André Mourão / MoWA Press Diário do Grande ABC - Notícias e informações do Grande ABC: Santo André, São Bernardo, São Caetano, Diadema, Mauá, Ribeirão Pires e Rio Grande da Serra

Seleção faz gol contra, pressiona, mas peca nas finalizações e deixa a Copa derrotada por 2 a 1


Dérek Bittencourt
Do Diário do Grande ABC

07/07/2018 | 07:00


Fim da linha para a Seleção Brasileira na Copa do Mundo da Rússia. O sonho do hexacampeonato ficou para 2022, no Catar. Ontem, a equipe pressionou a Bélgica durante quase todo o tempo do duelo em Kazan, mas faltaram eficiência e precisão, enquanto aos belgas sobraram competência e sorte para construírem a vitória por 2 a 1. Agora, os europeus terão pela frente a França, terça-feira, às 15h. Já o Brasil vai encarar apenas longa viagem de volta ao País.

A tristeza pela eliminação é evidente. Os questionamentos sobre alguns dos escolhidos por Tite é natural. Mas o Mundial mostrou que a Seleção voltou a ter crédito com a torcida. A grande campanha nas Eliminatórias e o bom desempenho – inclusive ontem – não foram ilusórios. Pelo contrário. O treinador impôs seu estilo de jogo e sua filosofia. Entretanto, do outro lado da partida de ontem tinha uma Bélgica com muita força de vontade, com um goleiro inspirado, que estava engasgada com os brasileiros e pôde, enfim, tirar o grito da garganta.
A forma como o Brasil se apresentou dava a impressão de que era possível ir adiante na Copa. Entretanto, alguns sinais foram demonstrando que não era o dia para o selecionado verde e amarelo. Logo aos sete minutos, quando Thiago Silva meio sem querer desviou escanteio, a bola caprichosamente parou na trave. Na sequência, Paulinho – que costuma ser firme e preciso – foi quem teve uma chance clara, mas pegou de mau jeito.

Aí, de repente, em escanteio para a Bélgica, o pior aconteceu: Fernandinho subiu desajeitado, a bola bateu em seu braço e entrou no gol, sem chances para Alisson: 1 a 0.

A vantagem deu aos belgas o conforto de jogar apenas nos contra-ataques. O Brasil tentava rodar a bola e encontrar espaços. Mas também cedia campo ao adversário. E foi assim que, aos 30, Lukaku ganhou de Fernandinho, avançou desde o campo de defesa e rolou para De Bruyne ampliar: 2 a 0.

Foi um baque para a Seleção, que demorou a se restabelecer. E, quando chegou, parou em Courtois. Caso do apagado Phillipe Coutinho, aos 36.

No intervalo, Tite lançou Firmino, tentando dar mais poderio ao ataque. Mas estava difícil transpor a muralha montada pela defesa belga. Neymar tentou excessivamente centralizar as jogadas, em busca dos mínimos espaços. Muitas foram as finalizações que pararam nas pernas e pés dos rivais.

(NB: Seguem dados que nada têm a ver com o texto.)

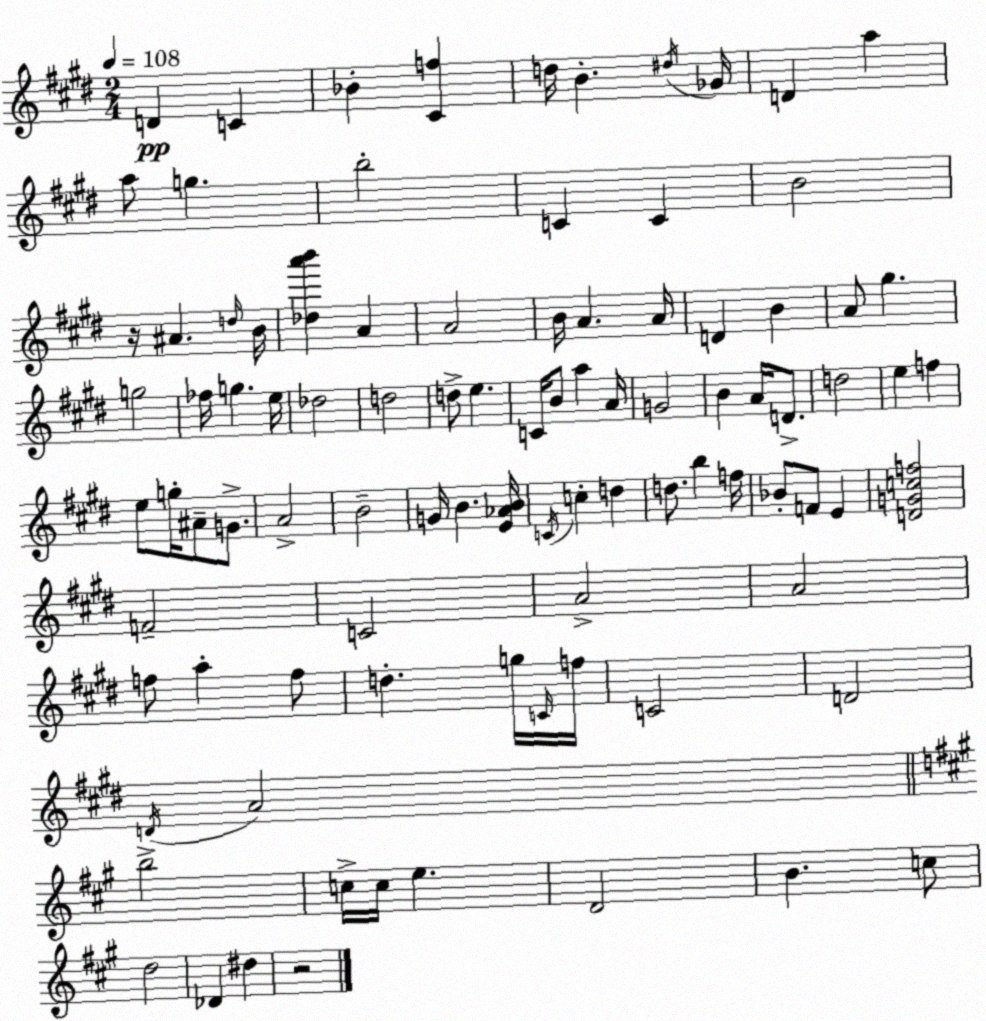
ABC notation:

X:1
T:Untitled
M:2/4
L:1/4
K:E
D C _B [^Cf] d/4 B ^d/4 _G/4 D a a/2 g b2 C C B2 z/4 ^A d/4 B/4 [_da'b'] A A2 B/4 A A/4 D B A/2 ^g g2 _f/4 g e/4 _d2 d2 d/2 e C/4 B/2 a A/4 G2 B A/4 D/2 d2 e f e/2 g/4 ^A/2 G/2 A2 B2 G/4 B [E_AB]/4 C/4 c d d/2 b f/4 _B/2 F/2 E [DGcf]2 F2 C2 A2 A2 f/2 a f/2 d g/4 C/4 f/4 C2 D2 D/4 A2 b2 c/4 c/4 e D2 B c/2 d2 _D ^d z2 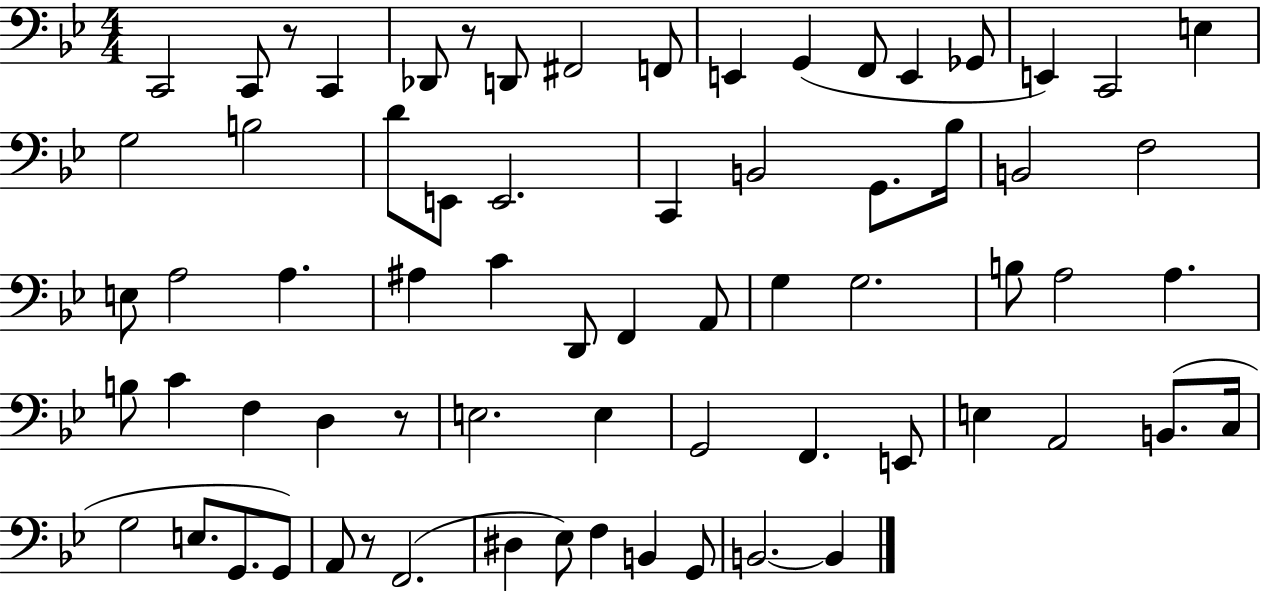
{
  \clef bass
  \numericTimeSignature
  \time 4/4
  \key bes \major
  c,2 c,8 r8 c,4 | des,8 r8 d,8 fis,2 f,8 | e,4 g,4( f,8 e,4 ges,8 | e,4) c,2 e4 | \break g2 b2 | d'8 e,8 e,2. | c,4 b,2 g,8. bes16 | b,2 f2 | \break e8 a2 a4. | ais4 c'4 d,8 f,4 a,8 | g4 g2. | b8 a2 a4. | \break b8 c'4 f4 d4 r8 | e2. e4 | g,2 f,4. e,8 | e4 a,2 b,8.( c16 | \break g2 e8. g,8. g,8) | a,8 r8 f,2.( | dis4 ees8) f4 b,4 g,8 | b,2.~~ b,4 | \break \bar "|."
}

Douglas Costa e Renato Augusto também entraram como alternativas. E o segundo foi responsável pelo gol brasileiro, de cabeça, aos 30: infiltrou de surpresa no meio da zaga e escorou bola alçada precisamente por Coutinho. Mas o próprio Renato Augusto também desperdiçou chance incrível de empatar, aos 34. Frente a frente com o gol, chutou para fora.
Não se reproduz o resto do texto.